The emphasis on the educational role of law is connected with the theory of the dying out of state and law once communism is achieved. In 1961 the achievement of the first stage of communism was promised within twenty years. At the same time the Stalinist theory that the state must get stronger and stronger in order to create the conditions for its demise was rejected. The 1961 Communist party program declared that the period of proletarian dictatorship was over and that Soviet society would take immediate (although very gradual) steps to replace the coercive machinery of the state by the persuasive, voluntary processes of popular social action.

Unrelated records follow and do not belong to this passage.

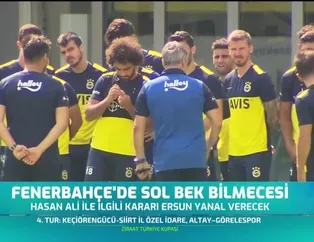 Fenerbahçe'de sol bek bilmecesi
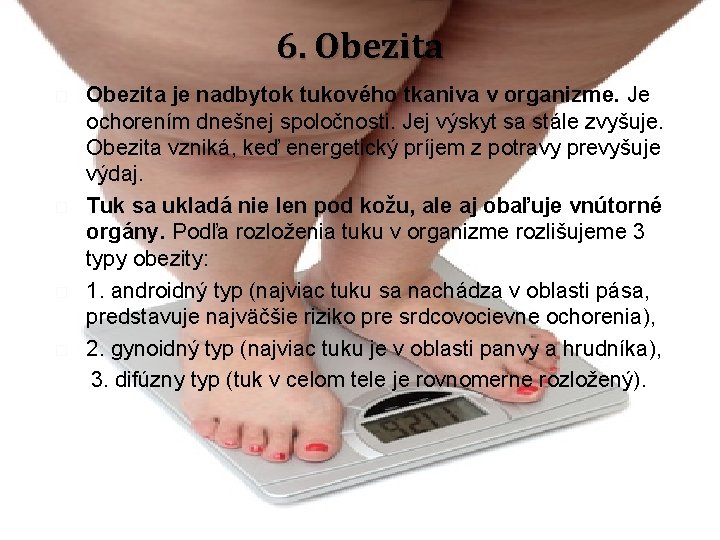 6. Obezita � � Obezita je nadbytok tukového tkaniva v organizme. Je ochorením dnešnej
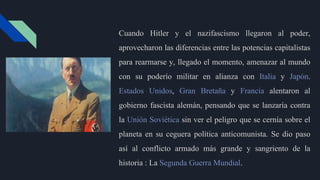 Cuando Hitler y el nazifascismo llegaron al poder,
aprovecharon las diferencias entre las potencias capitalistas
para rearmarse y, llegado el momento, amenazar al mundo
con su poderío militar en alianza con Italia y Japón.
Estados Unidos, Gran Bretaña y Francia alentaron al
gobierno fascista alemán, pensando que se lanzaría contra
la Unión Soviética sin ver el peligro que se cernía sobre el
planeta en su ceguera política anticomunista. Se dio paso
así al conflicto armado más grande y sangriento de la
historia : La Segunda Guerra Mundial.
 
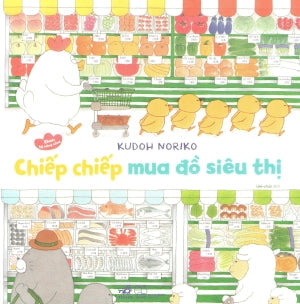 Ehon Kỹ Năng Sống - Chiếp Chiếp Mua Đồ Siêu Thị. Thế Giới (Nhã Nam)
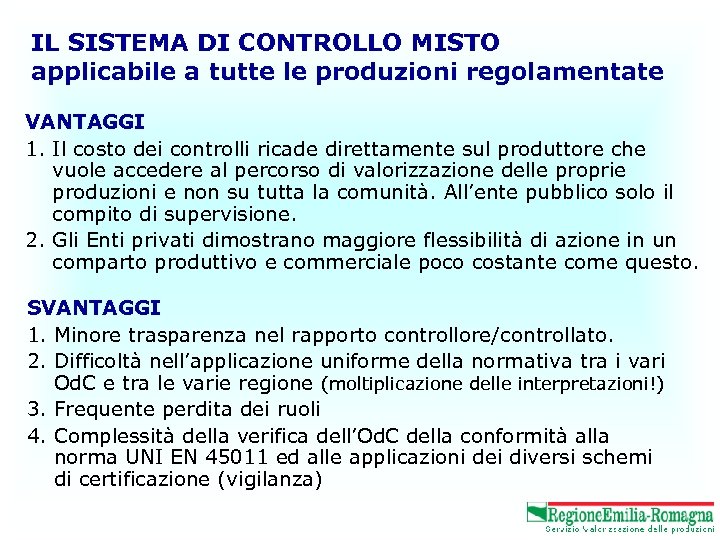 IL SISTEMA DI CONTROLLO MISTO applicabile a tutte le produzioni regolamentate VANTAGGI 1. Il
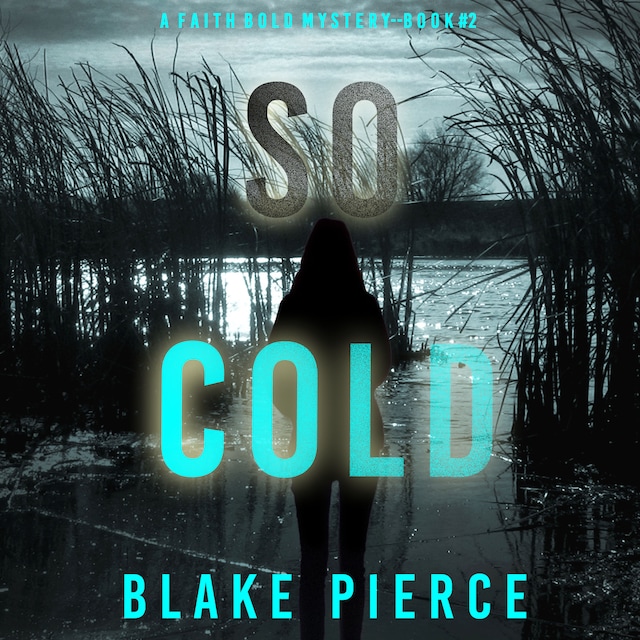 Book cover for So Cold (A Faith Bold FBI Suspense Thriller—Book Two)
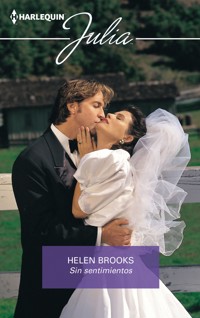 Sin sentimientos - Helen Brooks - E-Book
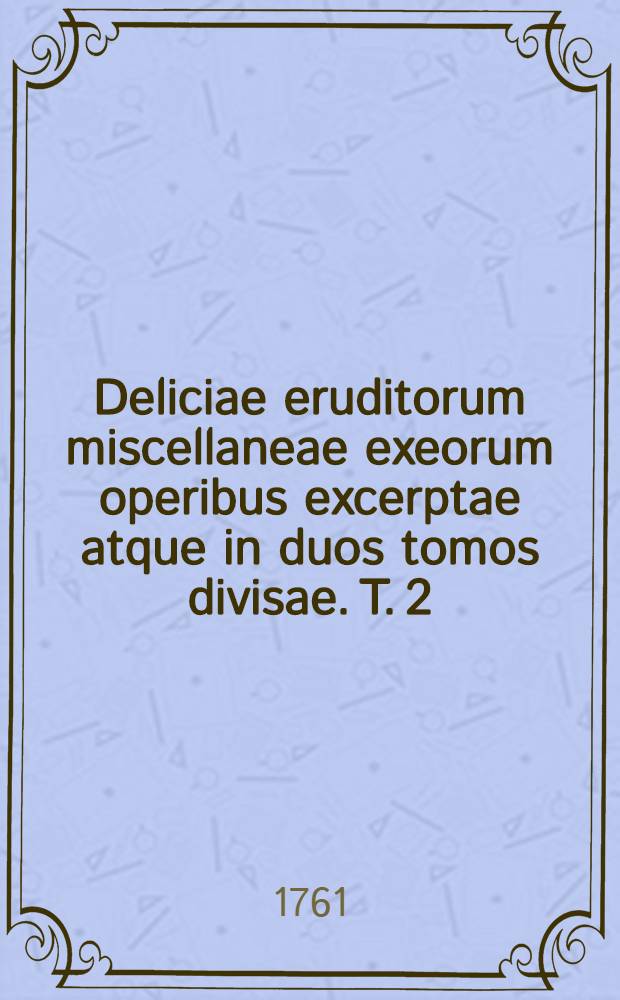 Deliciae eruditorum miscellaneae exeorum operibus excerptae atque in duos tomos divisae. T. 2
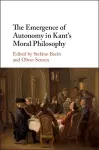 The Emergence of Autonomy in Kant's Moral Philosophy cover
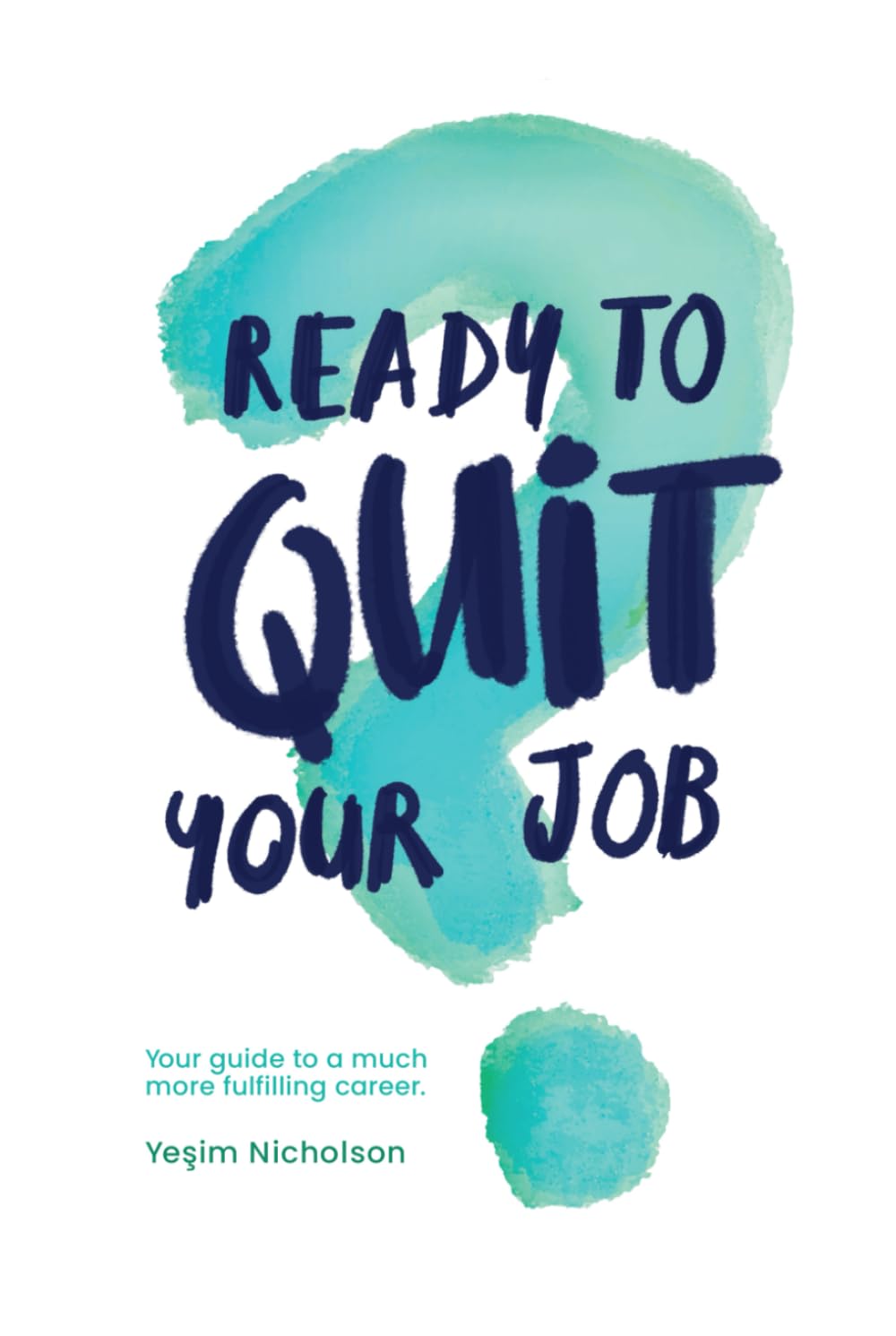 Ready to quit your job?: Your guide to a much more fulfilling career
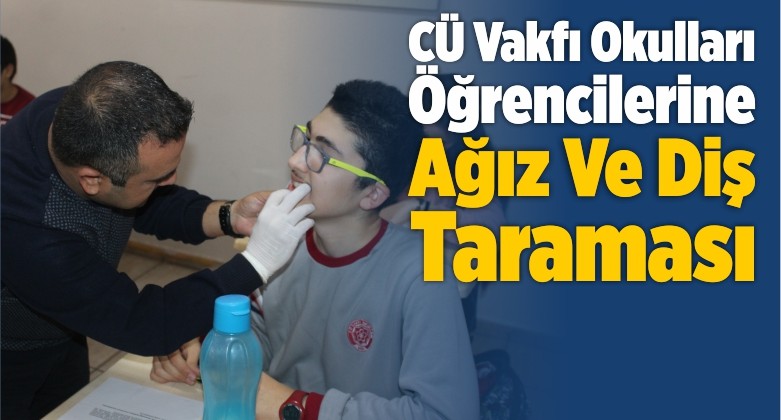 CÜ Vakfı Okulları Öğrencilerine Ağız Ve Diş Taraması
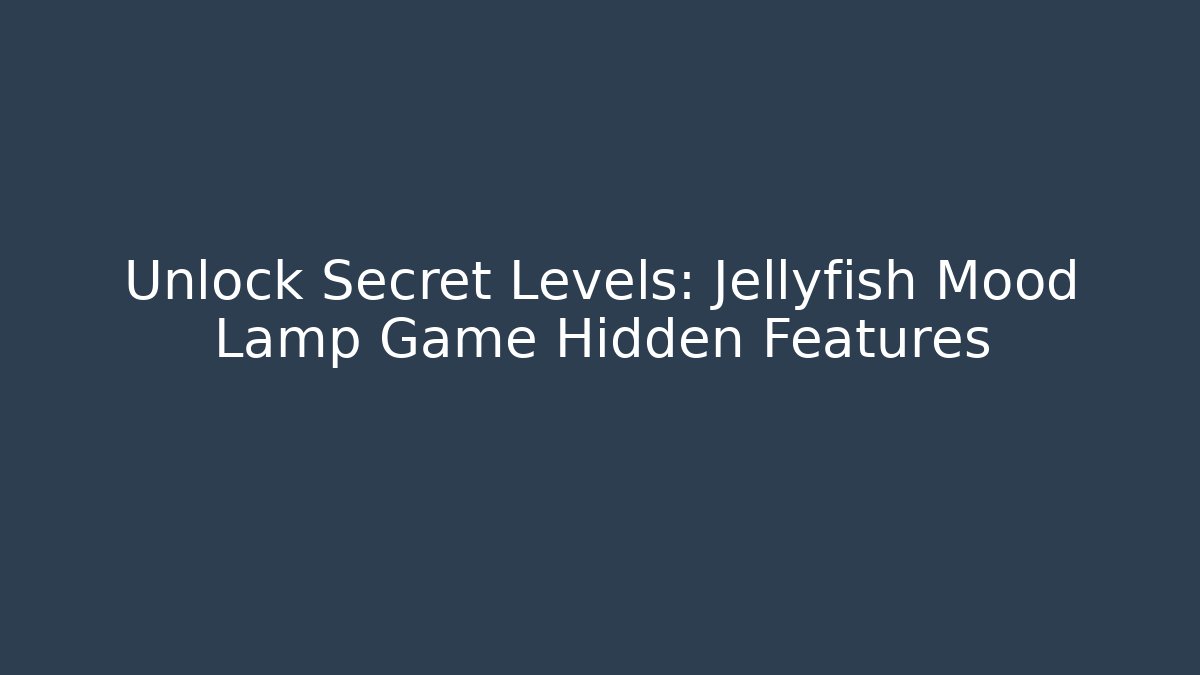 Unlock Secret Levels: Jellyfish Mood Lamp Game Hidden Features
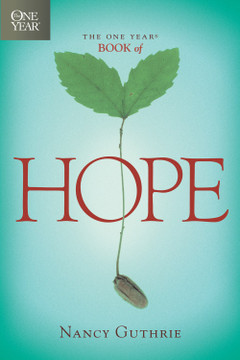 The One Year Book of Hope The One Year Book of Hope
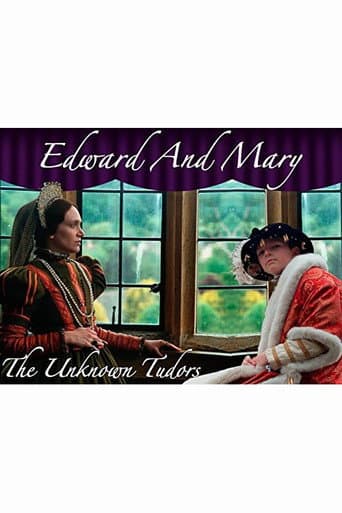 Edward and Mary: The Unknown Tudors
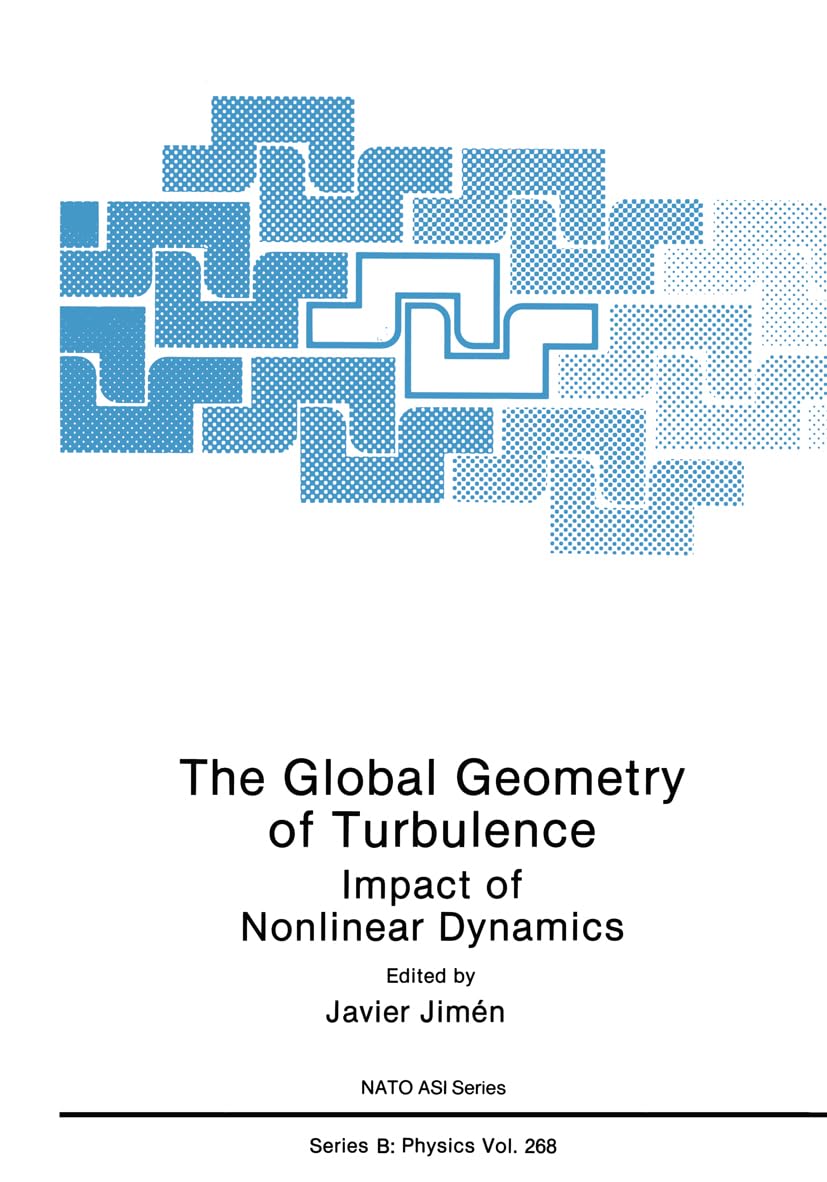 The Global Geometry of Turbulence: Impact of Nonlinear Dynamics (NATO Science Series B: Physics),New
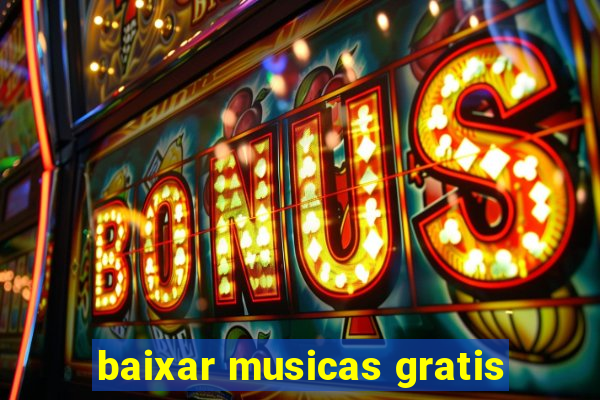 baixar musicas gratis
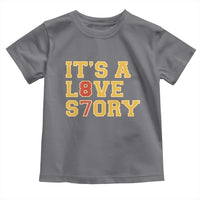 It’s a Love Story 87 Toddler T Shirt Inspired Football Romance - Wonder Print Shop
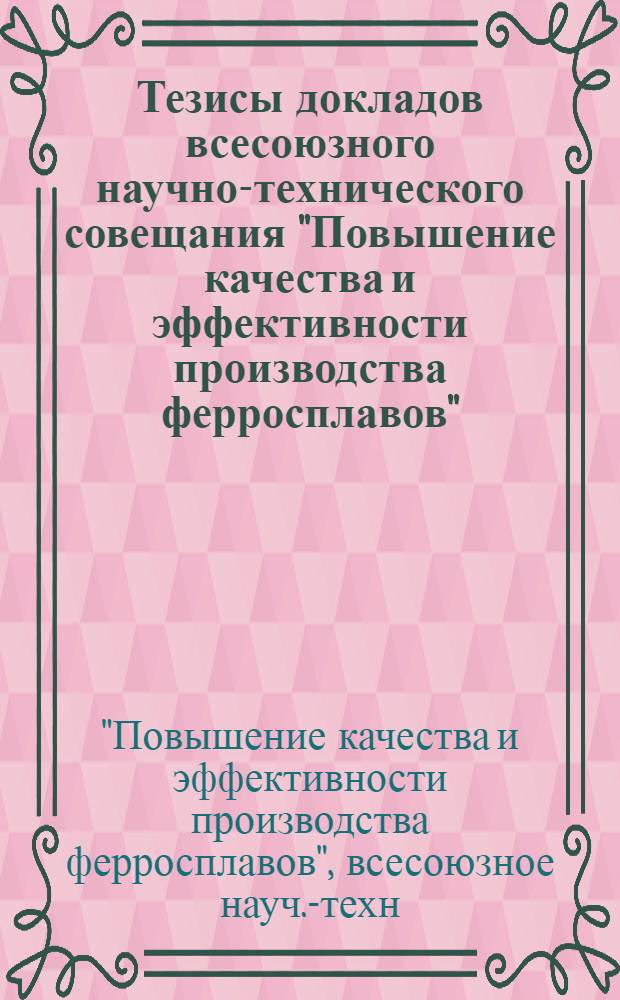 Тезисы докладов всесоюзного научно-технического совещания "Повышение качества и эффективности производства ферросплавов" (г. Челябинск, окт. 1979 г.)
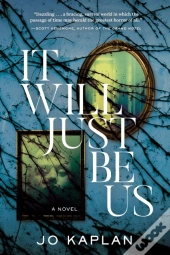 It Will Just Be Us
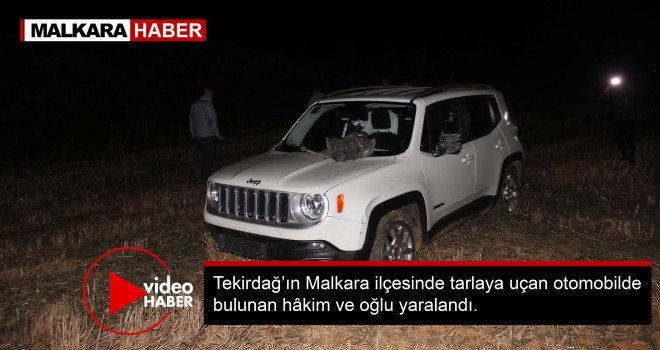 Hâkim ve Oğlu Kaza’da Yaralandı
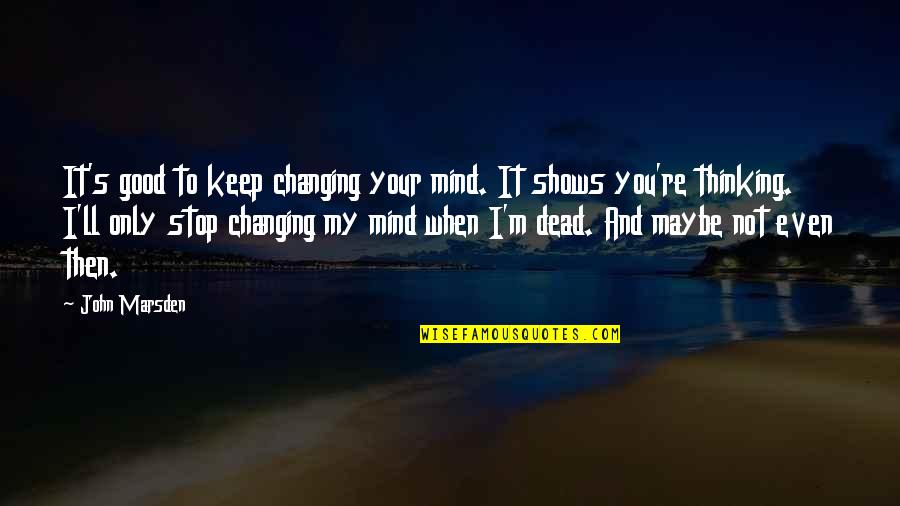 Marsden Quotes By John Marsden: It's good to keep changing your mind. It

In accord with this theory, various paralegal bodies have been established—notably, informal “comrades’ courts” in factories and apartment houses, which mete out reprimands and light fines for minor offenses, as well as “people’s patrols” (druzhiny), which act as volunteer auxiliary police. In addition, people who lead an “antisocial, parasitic way of life” and “live on unearned income” are tried by collectives of workers or by the courts in a special administrative procedure and are subject to “resettlement” for two to five years in places where they must take socially useful jobs.
The adoption of these “antiparasite” laws in the major republics in 1961 coincided with a general increase in harsh penalties for serious crimes. Thus, in 1961 the death penalty was introduced for large-scale economic crimes, counterfeiting, and illegal transactions in foreign currency. In 1962 repeated bribery of officials, rape committed by a group, and attempted homicide of a policeman or volunteer auxiliary policeman (druzhinnik) were added to the list of capital offenses. (Prior to 1961, only certain political crimes—treason, espionage, banditry, wrecking, terrorist acts—and murder committed under aggravating circumstances were subject to the death penalty in time of peace, and in 1958 the maximum period of confinement had been reduced from 25 to 15 years.)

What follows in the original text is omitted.